How do companies decide which EDRs to fulfill and which ones require a judicial subpoena? Are companies ever even under the obligation to fulfill an EDR?
> So in a lot of the searches that we reviewed, we had about 500,000 to take a look at. We found the word “investigation” – or variations of the word “investigation” – or “suspect” a lot with really no details about what the investigation pertained to or what the suspect may have done.
> A lot of searches also just listed gibberish, like “ASDF” – that’s the sequence of letters in the center row of your computer keyboard. Or just said that they were there for random checks. We even found a search that just said “donut” or that didn’t say anything at all.

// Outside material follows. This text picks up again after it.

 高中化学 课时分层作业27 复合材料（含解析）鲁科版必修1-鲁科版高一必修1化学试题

Reminds me of when Reddit posted their year end roundup https://web.archive.org/web/20140409152507/http://www.reddit... and revealed their “most addicted city” to be the home of Eglin Air Force Base, host of a lot of military cyber operations. They edited the article shortly afterward to remove this inconvenient statistic
Relevant: “Containment Control for a Social Network with State-Dependent Connectivity” (2014), Air Force Research Laboratory, Eglin AFB: https://arxiv.org/pdf/1402.5644.pdf
I'm not saying those trends charts demonstrate anything, just that commercial human astro-turfers or bot networks are no less of a thing than intelligence ones and it wouldn't really be a conspiracy theory to think McDonalds or any other company, trade association, lobbyist, PR firm etc, is operating a lot of social media accounts that could theoretically show up on a report like that if they were doing a lot of it from a specific place.

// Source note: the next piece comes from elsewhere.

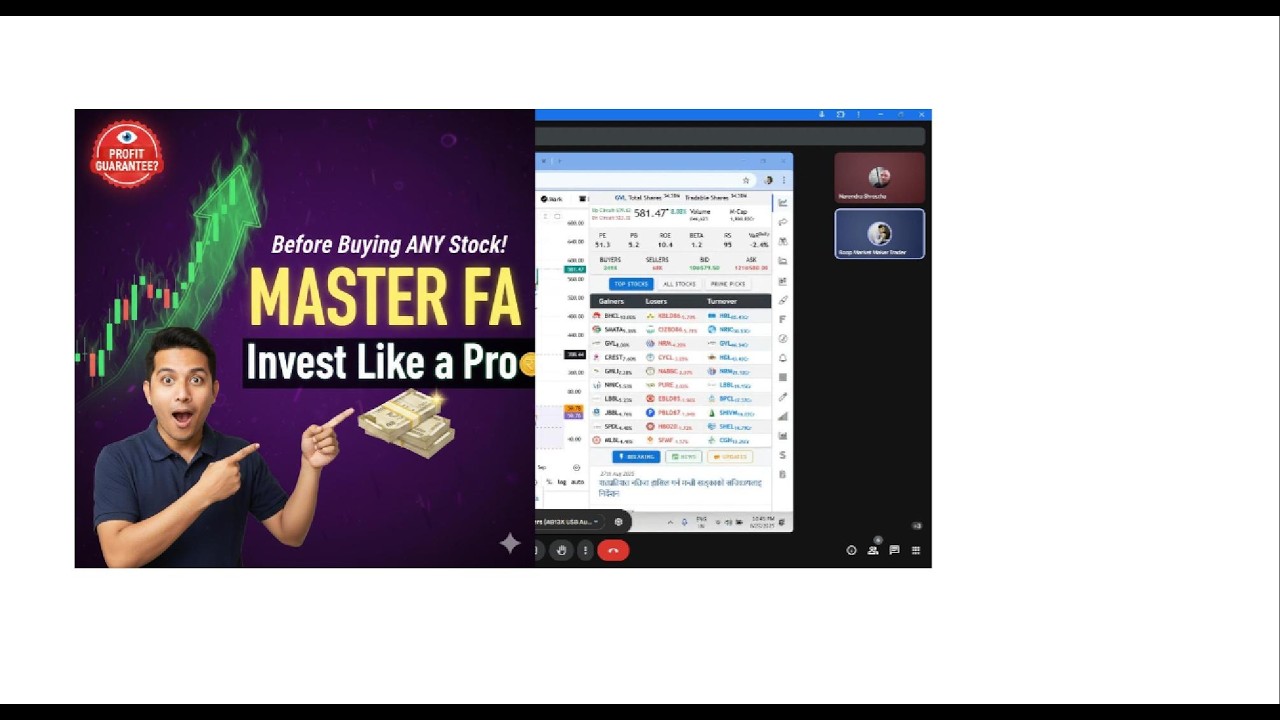 NEPSE TRAINING  ONLINE CLASS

You would think such people would be competent enough to proxy their operations through at least a layers of compromised devices, or Tor, or VPNs, or at least something other than their own IP addresses.

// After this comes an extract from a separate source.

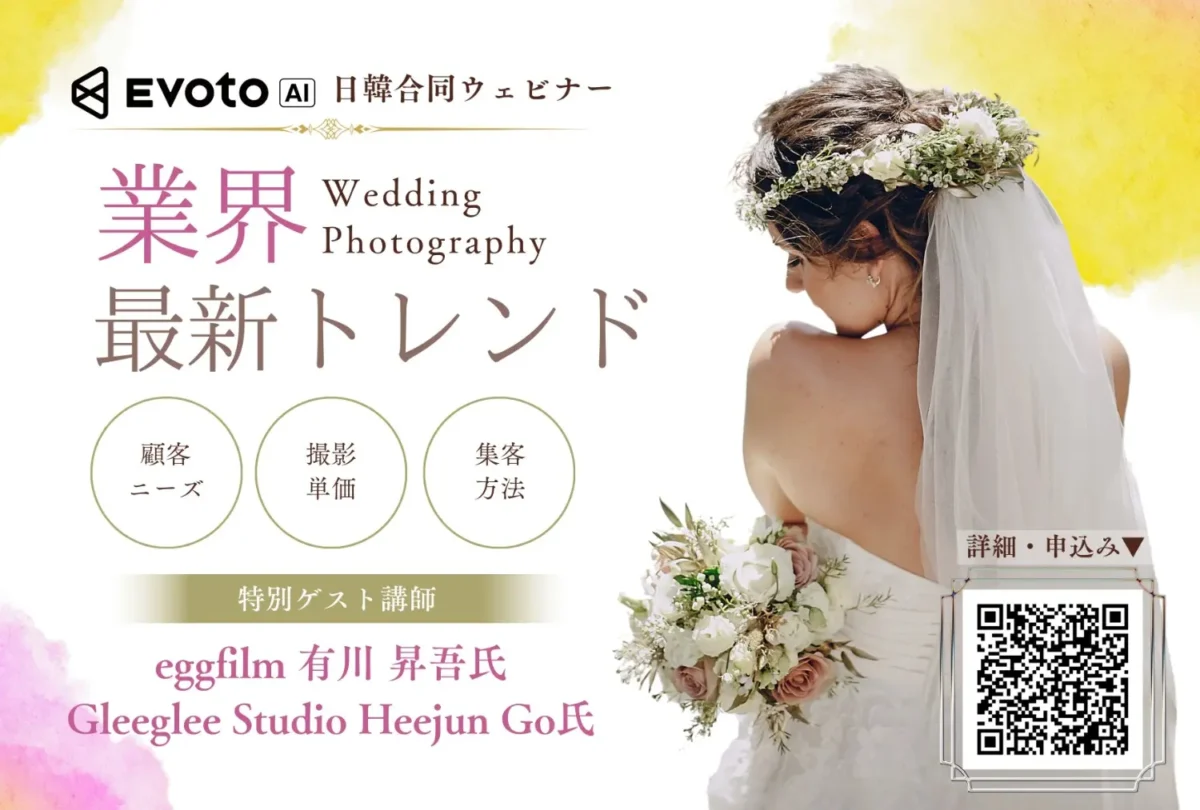 evoto-free-webinar-january-22-2026 evoto 日韓合同ウェビナー ウエディングフォトレタッチ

OP has just completely pulled this analysis out of their ass. They aren’t all constantly running g cyber operations on Reddit, that bears zero resemblance to what cyber operations look like in real life including the point that you raised.
Daily reminder (for myself especially) to engage as little with social media (reading/commenting) as possible. It's a huge waste of time anyways not like I don't have better things to do.
This is a special addiction because most of us are community starved. Formative years were spent realizing we could form digital communities, then right when they were starting to become healthy and pay us back, they got hijacked by parasites.
These parasites have always dreamed of directly controlling our communities, and it got handed to them on a silver platter.
Corporate, monetized community centers with direct access to our mindshare, full ability to censor and manipulate, and direct access to our community-centric neurons. It is a dream come true for these slavers which evoke a host of expletives in my mind.
Human beings are addicted to community social interaction. It is normally a healthy addiction. It is not any longer in service of us.
The short term solution: reduce reliance on and consumption of corporate captured social media
The long term solution: rebuild local communities, invest time in p2p technology that outperforms centralized tech
When I say "p2p" I do not mean what is currently available. Matrix, federated services, etc are not it. I am talking about going beyond even Apple in usability, and beyond BitTorrent in decentralization. I am talking about a meta-substrate so compelling to developers and so effortless to users that it makes the old ways appear archaic in their use. That is the long term vision.